America Eats Tasting Menu-October 6 

We enjoyed a wonderful evening at America Eats and had a fantastic tasting menu. The History of America with the voice of renowned chef José Andrés. Below is our meal from start to finish. Just amazing!


A Southern fisherman’s favorite, fried over an open fire with the leftovers to keep the dogs quiet. At some point, humans figured the corn cake was a perfect match with freshly caught fish.


Thomas Downing, New York City, 1825. A Downing specialty beloved by the power-brokers, financiers and socialites who made his oyster cellar so successful: Smoky oysters on the half shell, touched by the flame that rises from a drop of butter and a bed of oak charcoal.


Irma Rombauer, Joy of Cooking, 1931. Rombauer was a St Louis widow who self-published The Joy of Cooking as she struggled to support her family. The book sold in the millions through the 20th century, with its simple, conversational recipes.
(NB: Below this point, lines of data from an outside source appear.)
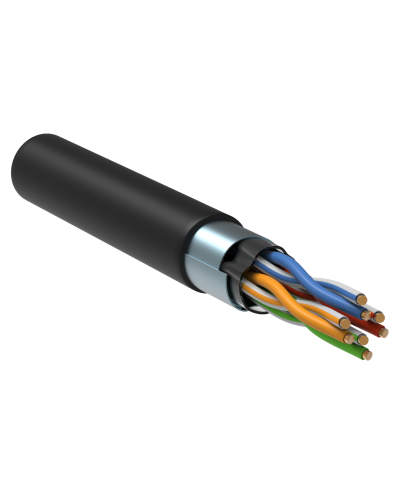 LC3-C5E04-339-S-P-R. Кабель «витая пара» (LAN) для структурированных систем связи. ITK в Камышине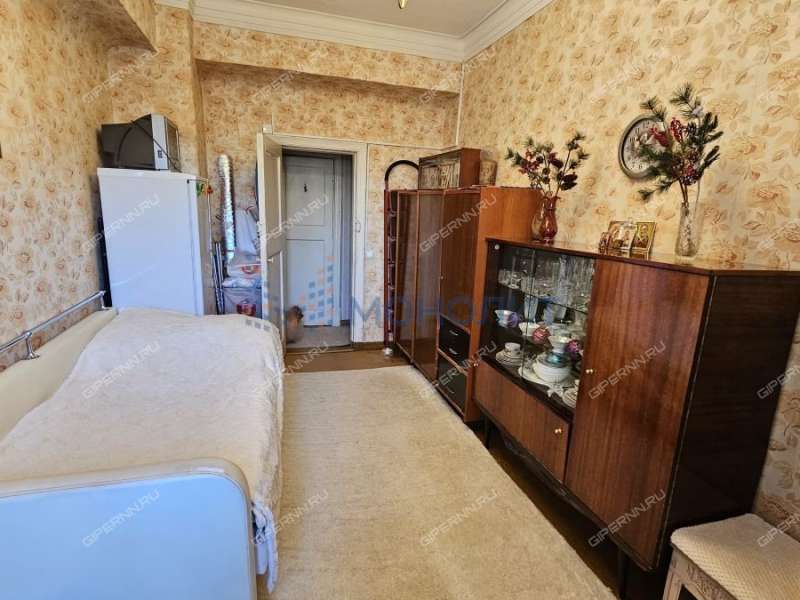 двухкомнатная квартира на улице Страж Революции дом 16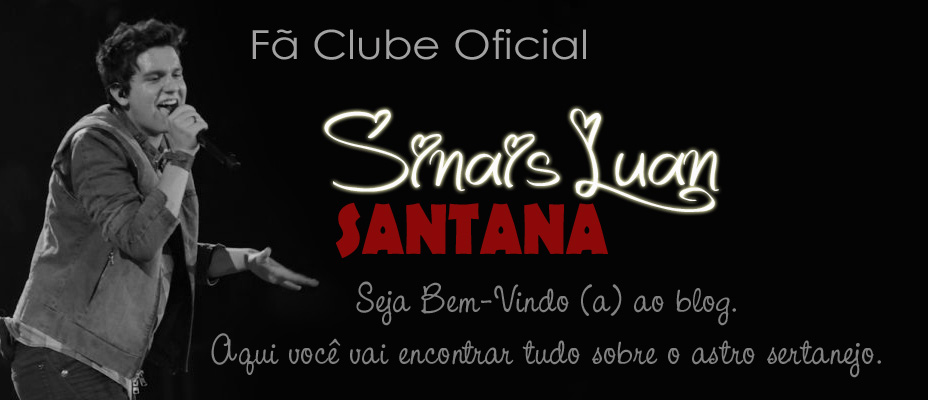 FC Sinais Luan Santana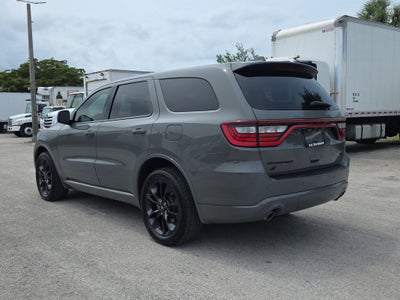 2021 Dodge Durango GT Plus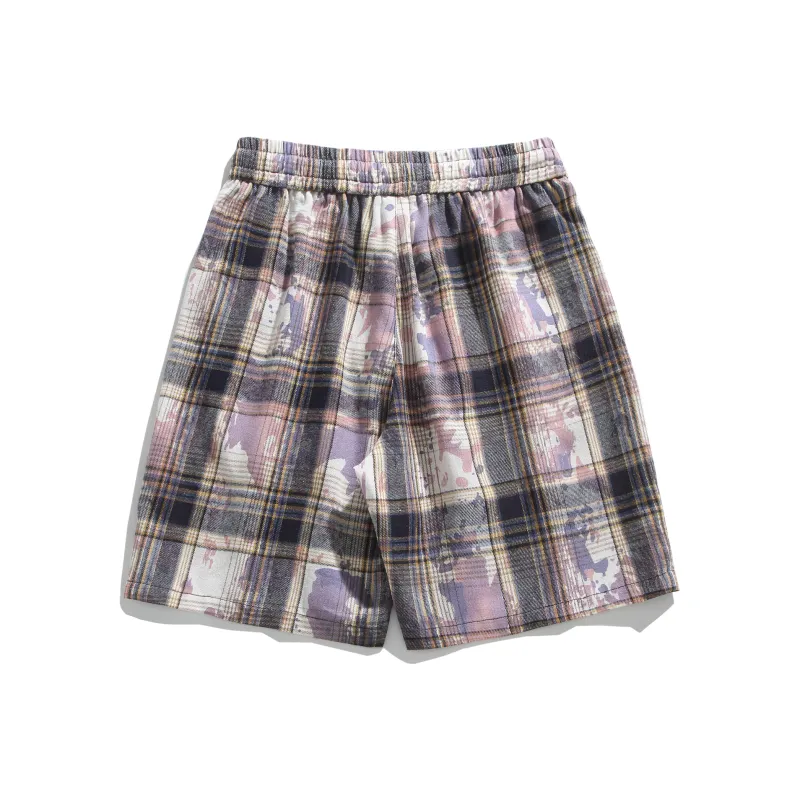 GY.VG Casual Shorts Unisex-9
This fresh salad, from Rombauer’s first edition, reflects the great journey of the American grapefruit. A century before the Joy of Cooking, they traveled from Barbados to Florida, and then – — with the help of Spanish missionaries – — to Texas, where the Ruby Red was born.
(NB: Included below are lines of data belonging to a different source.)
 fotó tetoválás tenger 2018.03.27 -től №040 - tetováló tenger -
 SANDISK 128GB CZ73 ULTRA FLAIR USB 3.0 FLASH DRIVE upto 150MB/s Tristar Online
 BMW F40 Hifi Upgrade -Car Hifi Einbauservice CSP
George Washington Carver, 1914. Carver published his peanut research to show how poor African-American farmers could prosper from an unpopular crop. Peanut butter quickly grew from a delicacy to a commercial success. We take crushed peanuts, peanut praline and mace to recreate something close to the recipe of Rufus Estes. Estes was born a slave but rose to become executive chef of the Pullman Railroad Car Company in Chicago.


Gordonsville, Virginia, 1869. Deep-fried foods, first introduced by Spanish and Portugese slave-traders, are the living history that links the South and the Mediterranean. During the civil war, women sold fried chicken from trays balanced on their heads to soldiers along the C&O railroad in Gordonsville.


Jamestown, 1607

Native Americans first taught the colonists to hull corn into hominy, creating one of the first truly American foods. Here we use creamy Anson Mills grits, carefully milled from rediscovered heirloom corn.
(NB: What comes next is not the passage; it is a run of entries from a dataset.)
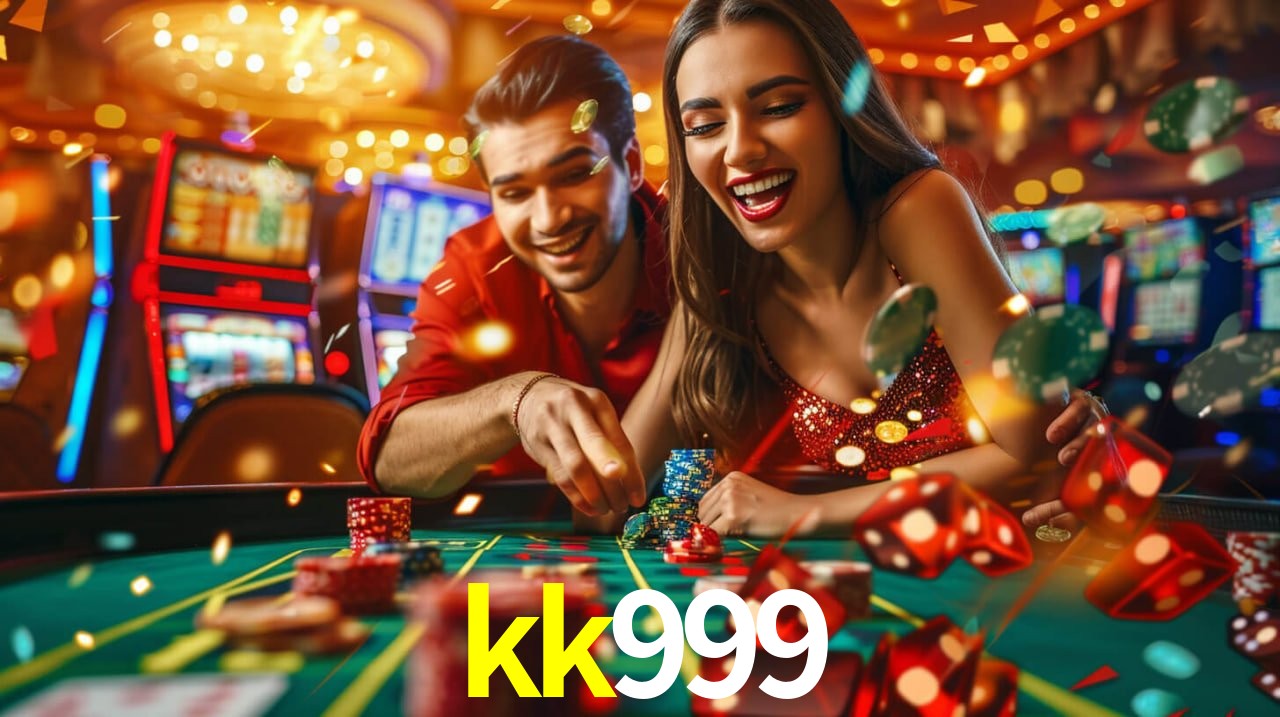 kk999 - Pagamento PIX Instantâneo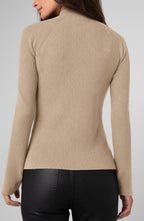 Turtleneck Sweater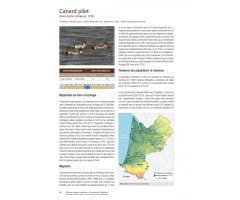 ATLAS DES OISEAUX MIGRATEURS ET HIVERNANTS D'AQUITAINE 3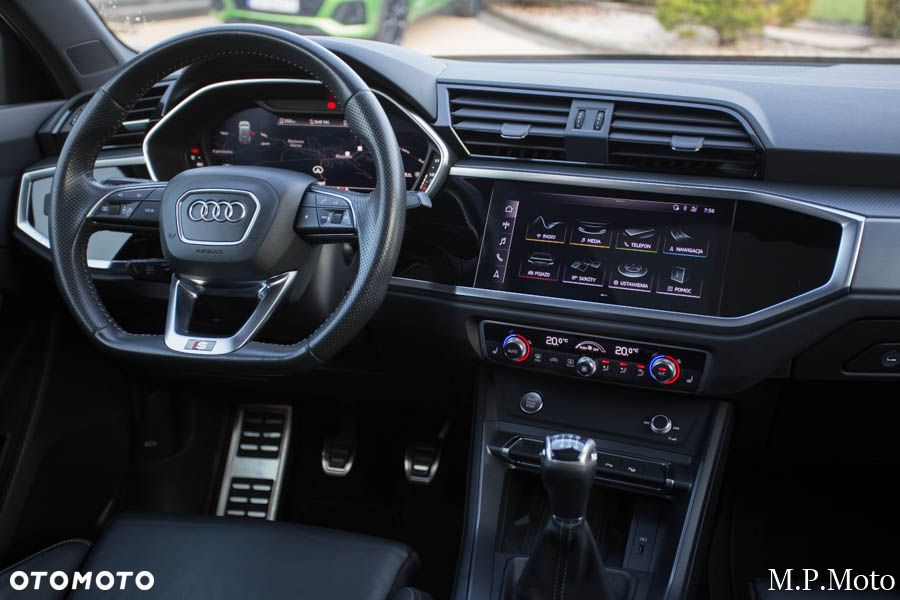 Audi Q3 35 TDI Quattro S Line - 19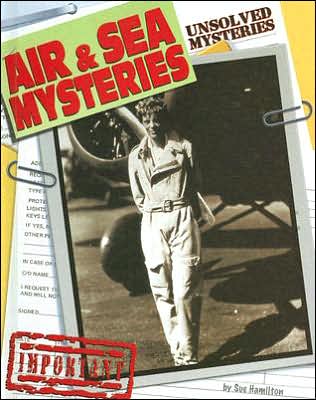 Air and Sea Mysteries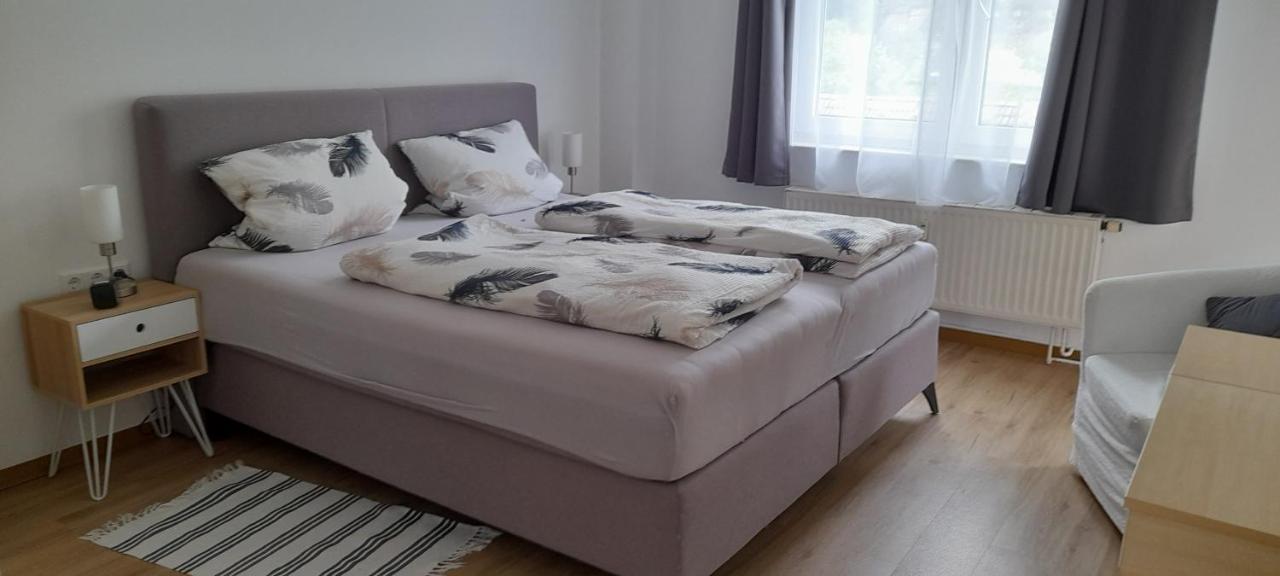 Ferienwohnung Christel Hirschhorn-Neckar Екстериор снимка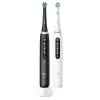Periuta de dinti electrica  Oral-B Electric Toothbrush Braun iO5 Duo Black/Quite White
Sarah Josepha Hale, New Household Receipt-Book, 1853. The origins of jambalaya are as mixed as the dish, with its flavors from Africa, France, Spain and the Middle East. Mrs Hale, who is credited with making Thanksgiving a national holiday, published the first known recipe in 1853. In Provence, in the south of France, a jambalaia at that time was a mixed stew with rice. But in Louisiana it became something bigger in the original American melting pot


1700s. Originally called ‘‘paccans’’ by many Native American tribes, signifying all nuts requiring a stone to crack, pecans are one of the truly indigenous New World foods. The term pecan first appeared in print in the late 1700s, as a misspelling. The nut was favored by both George Washington, who planted pecan trees at Mount Vernon in 1775, and Thomas Jefferson, who cultivated the trees at his Monticello residence starting in 1779.

Update: since this posting America Eats is closed in the original location downtown. They are now opened in Tysons Corner, VA.